That is not something you would have seen when Jagr was at the peak of his powers 18 years ago and shows the lengths to which he has re-invented himself in the twilight of his career.

“(Julien) probably wanted me to score in the empty net, I guess. He tried to help me,” joked Jagr. “He wants me to get the monkey off my back and I told him, ‘I love the monkey, man.’ ”

Getting put on the ice in that situation was not lost on Jagr.

“It doesn’t really matter if I score or not. He’s trying to make me important or happy even if I don’t score. I don’t know if I can explain it in English. It’s tough to explain. That’s the first time I’ve felt that in my hockey career. I don’t know if I explained it right. It starts with the coach, but even the whole team.

“The coach is a big factor in that. He’s the guy, even the whole team, they make me even happy when I don’t score. It didn’t happen before, I guess. But they are making me happy. They find a way, starting with the coach, the lines, the players here. I don’t think I’ve felt that with any other team.”

Jagr can still show flashes of his magnificent talent.

In open ice at even strength, you can see what time has done to his straight-ahead speed. He still wears the original version of the Tuuk plastic blades on his skates and after having exhausted his stash of the black ones, has switched to white.

But put him in close quarters along the boards and he can still more than hold his own.

Give him time, like he found on the Bruins power play in the second period, and you can see he still has great hands and great eyes.

With Bruins winger Milan Lucic jamming in front of the net, Jagr found Bergeron at the back door.

“I had two options.

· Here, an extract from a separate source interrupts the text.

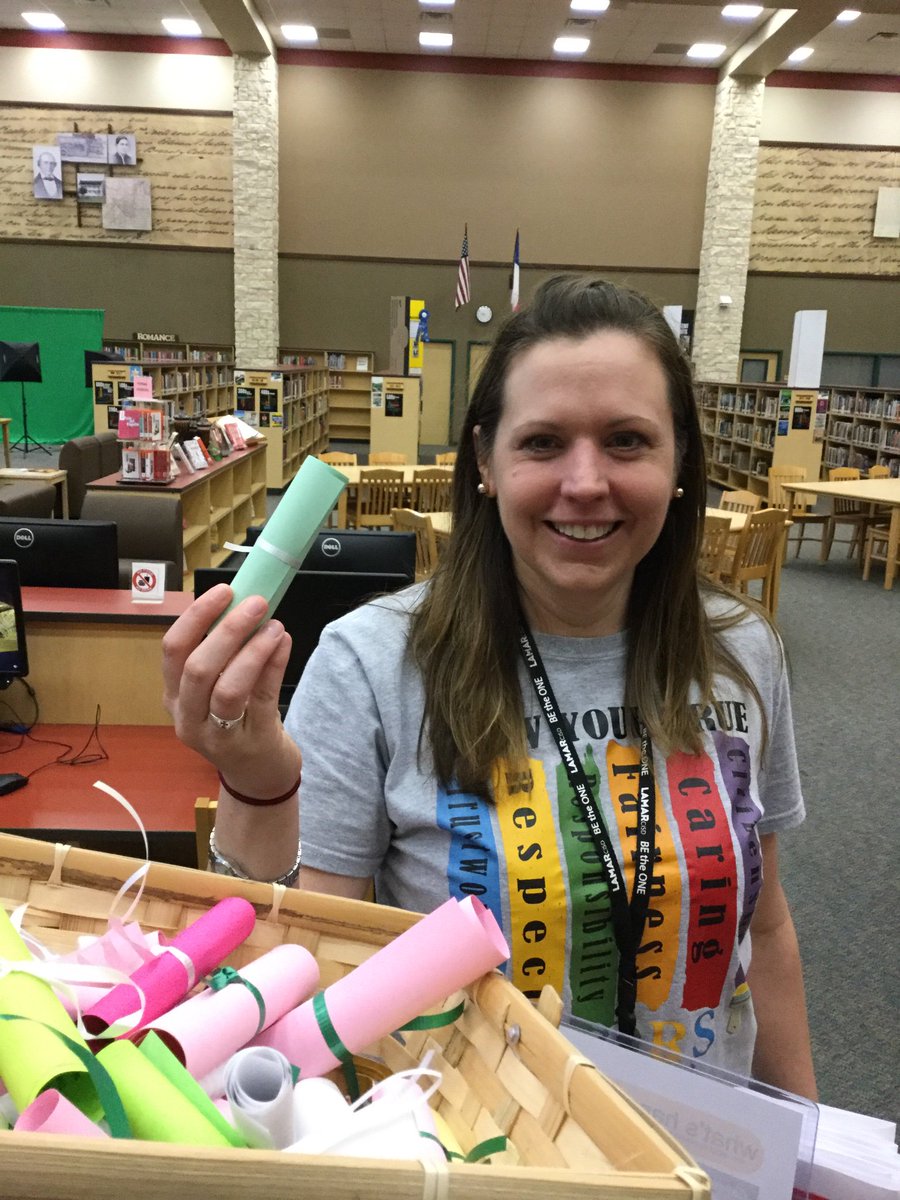 GRHS Library tweet media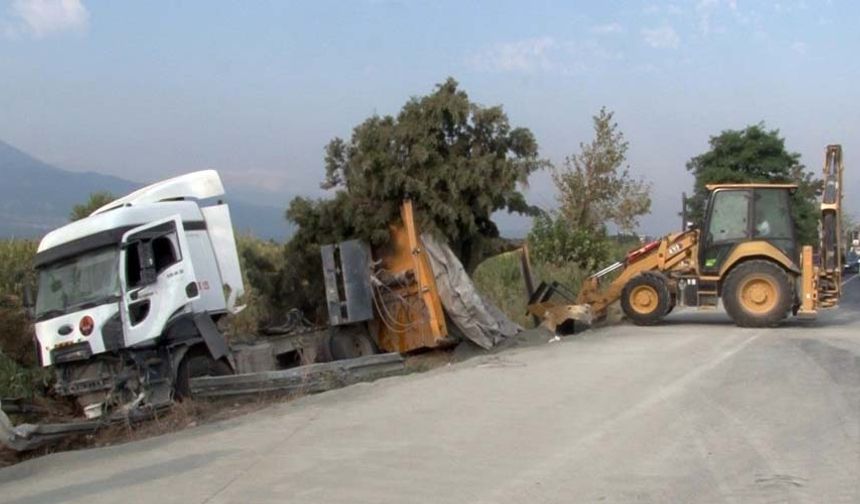 Çarpmanın etkisiyle otobüs ile tır şarampole devrildi. Diğer sürücülerin ihbarı üzerine olay yerine çok sayıda sağlık, itfaiye ve trafik ekibi sevk edildi.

Put it on the ice for Looch or in the air for Bergy,” said Jagr, who was asked if he saw the goal coming. “Everything I touch something now, nothing is guaranteed. I feel like I’m cursed or something.”

The assist moved Jagr into fifth place on the NHL’s all-time post-season points list with 197.

The questions kept coming about the pass to Bergeron.

“Listen, I’m not that bad a player, man. I see. I’m not that fast anymore, but I still can see and the hands are soft, they’re still there. Give me some credit.”

Credit given.

It’s been 21 years between trips to the final for Jagr.

He’s back and he’s no passenger.

He’s one of the guys driving the bus.